[Extreme] Tolerant String Matching Python Challenge (not for beginners)

Code Challenge #25: April 18th, 2021

It has been a very long time since @oduffy and I have run a challenge (four years), but I stumbled across this rather fiendishly hard problem the other day and thought I would share.

As normal, it is split into basic, intermediate and hard. I wouldn’t recommend trying anything beyond easy unless you have a strong grasp of algorithms, because it is one of the hardest challenges I’ve put up. By all means though, feel free to give it a go! Only Python is a valid submission, closing date is two weeks from now (2nd May), with a winner hopefully announced shortly after. I’ll endeavour to arrange for a prize too (though no promises!). (update prize confirmed!)


Basic Difficulty

You have two strings message and snippet with len(message) >= len(snippet) and the length of the message can be orders of magnitude bigger than the snippet. Write a function, basicMatch, that will return true if the snippet is present in the message (case insensitive).

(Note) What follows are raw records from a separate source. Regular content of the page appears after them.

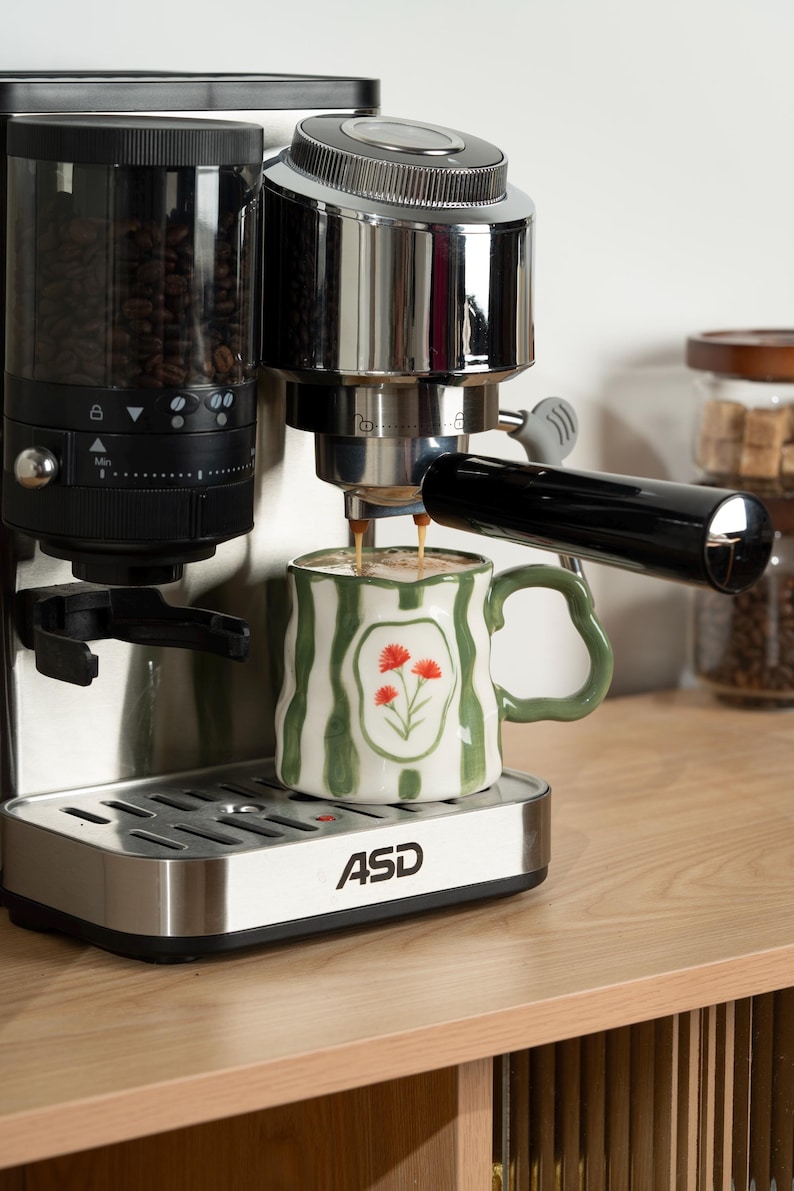 May include: A stainless steel ASD espresso machine with a black bean hopper and portafilter, dispensing coffee into a white ceramic mug featuring green vertical stripes and a central illustration of three small orange flowers.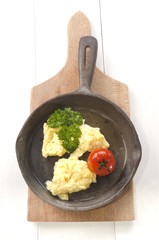 scrambled eggs and roasted tomato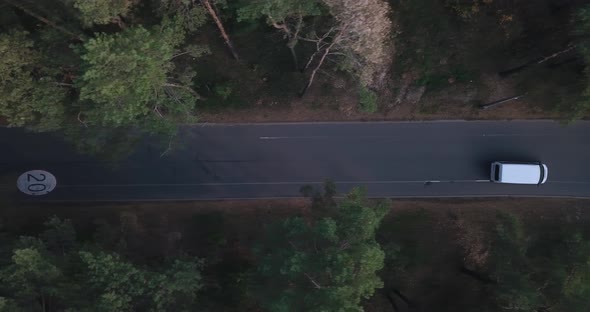 Flying, Tracking the Drone Behind a White Van, Along a Forest Road with a Bicycle Path with a Speed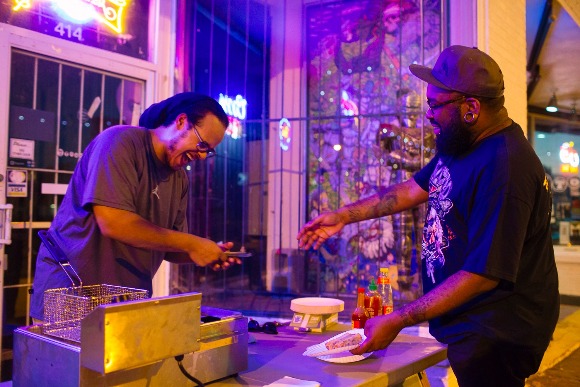 Rico Fields serves a line of hungry concert-goers during Soul Roll Saturdays at the Hi-Tone Cafe.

  • Function Name: basicMatch

  • Input: two strings message and snippet

  • Output: boolean showing if snippet is in message

  • Examples:

    • basicMatch("Codecademy taught me to code", "code") => True
    • basicMatch("A really long string", "on") => True
    • basicMatch("Welcome to the internet", "hello") => False
    • basicMatch("CaseInsEnSiTiVE", "caseinsensitive") => True
  • Always remember to explain your code and the thought processes behind it!

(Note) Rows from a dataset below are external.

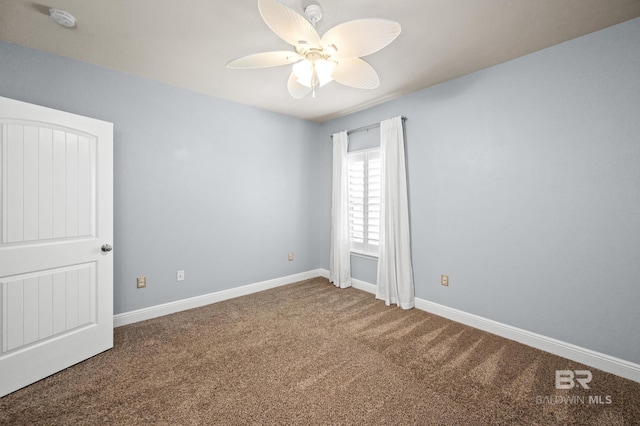 empty room featuring ceiling fan and carpet floors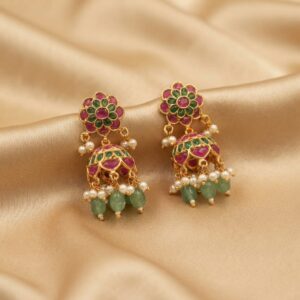 Antique gold-tone mini jhumka earrings with floral stud tops, ruby-coloured and green stones, green bead drops and faux pearls on champagne fabric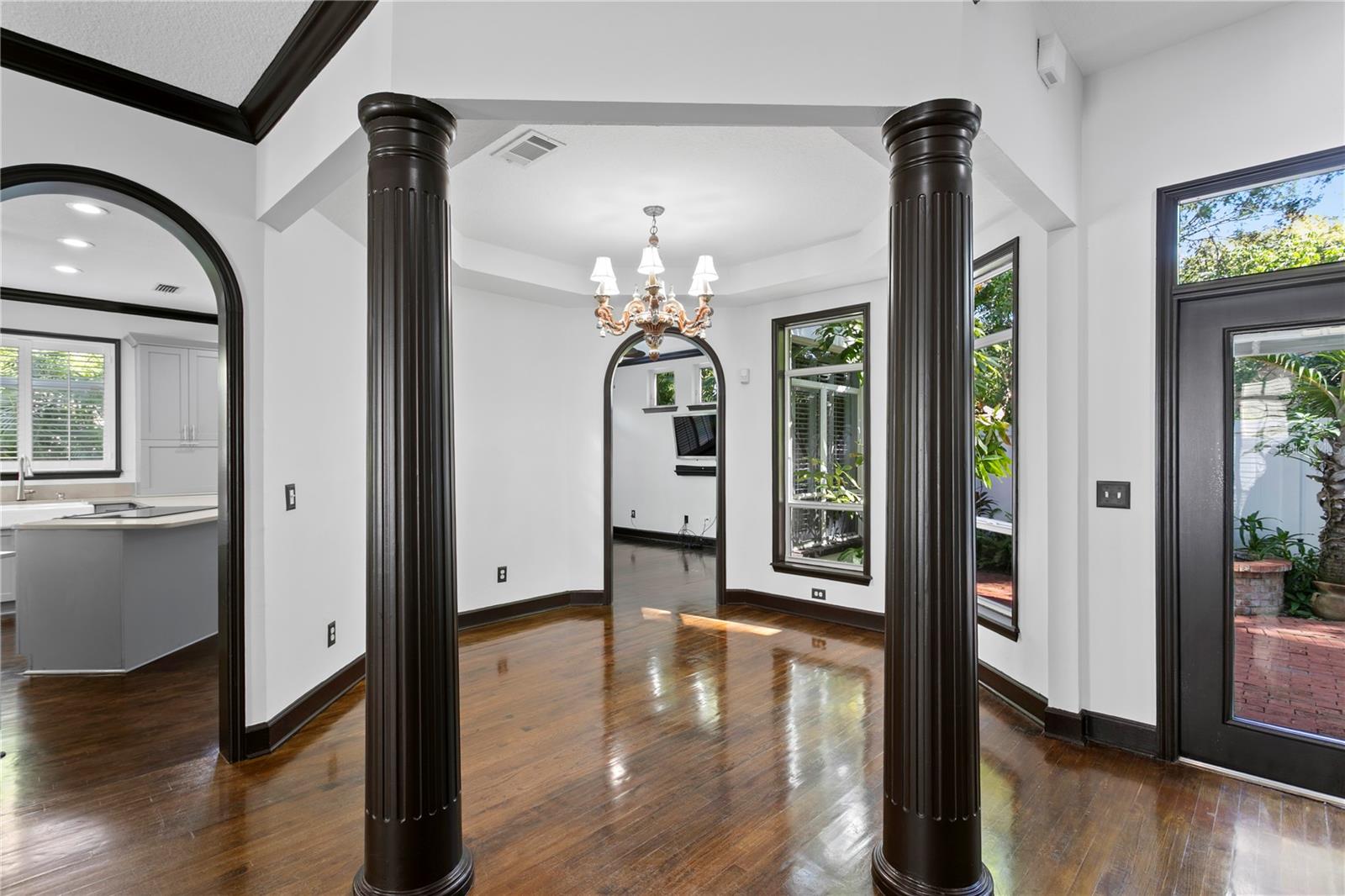 A beautiful chandelier and elegant columns anchor the dining room.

  • What if your interviewer had follow-up questions or extensions to this challenge? Don’t anticipate what exactly those follow-ups or changes may be, but try to write your code so that it is easily read, easily maintained, and can be adapted to potential modifications in the interviewer’s questioning.

Find out more about basic challenges.

Intermediate difficulty

You are told the input message went through a decoding step and could be malformed with the wrong characters due to text encoding errors (whereas snippet will never be malformed). I.e. the message was incorrectly decoded and still contains the string “%65” which should have been decoded as an “A”. Write a function, intermediateMatch, that will say if a tolerant matching is present, given two strings and an array of possible decodings.

  • Function Name: intermediateMatch
  • Input: two strings message and snippet and a 2D array of possible decodings [["%65", “a”], …]
  • Output: boolean showing if snippet is tolerantly in message
  • Examples:
    • intermediateMatch("Codecademy is great", "codecademy", []) => True
    • intermediateMatch("Codec%65demy is great", "codecademy", [["%65", "A"]]) => True
    • intermediateMatch("Codec%65demy is great", "codec%65demy", [["%65", "A"]]) => True
    • intermediateMatch("Codec%65demy is great", "codecademy", [["%65", "A"], ["%67", "D"]]) => True
    • intermediateMatch("Co%67ec%65demy is great", "codec%65demy", [["%65", "A"], ["%67", "D"]]) => True
    • intermediateMatch("Co%67eca%68emy is great", "codecademy", [["%67", "D"], ["%68", "D"]]) => True
    • intermediateMatch("Co%67eca%67emy is great", "co%67ecademy", [ ["%67", "D"]]) => True
    • intermediateMatch("Codecademy is great", "codec%65demy", [["%65", "A"]]) => False
    • intermediateMatch("abc%6efg", "abcdefg", [["e", "d"], ["%6", "e"]]) => False
  • Please note the following:
    • snippet will never be wrong. I.e. if it includes the string “%65” this is the literal string
    • message may or may not be decoded wrong. I.e. “%65” could be the literal string or could be decoded as an “A”
    • the decoding function is a many-to-one mapping, so given the decoding [a, b] a can only ever decode to b, but multiple a’s could give you the same b. I.e. [["%67", "D"], ["%68", "D"]] is valid but [["%67", "D"], ["%67", "C"]] is an invalid mapping.
    • For any mapping [a, b] a can be any number of characters but b will always be a single character. I.e. ["%68", "D"] is valid but ["%67", "CODE"] isn’t
Find out more about intermediate challenges.

Hard Difficulty

Your chief network engineer tells you the message is even more garbled than it first seemed. He can’t remember how many times the message was encoded, which means we will have to decode the message an unknown number of times! He’s promised that there are no cycles in the encoding though, so there is no chain that leads back to itself i.e. this is invalid [a, b], [b,c], [c, d] .... [X, a]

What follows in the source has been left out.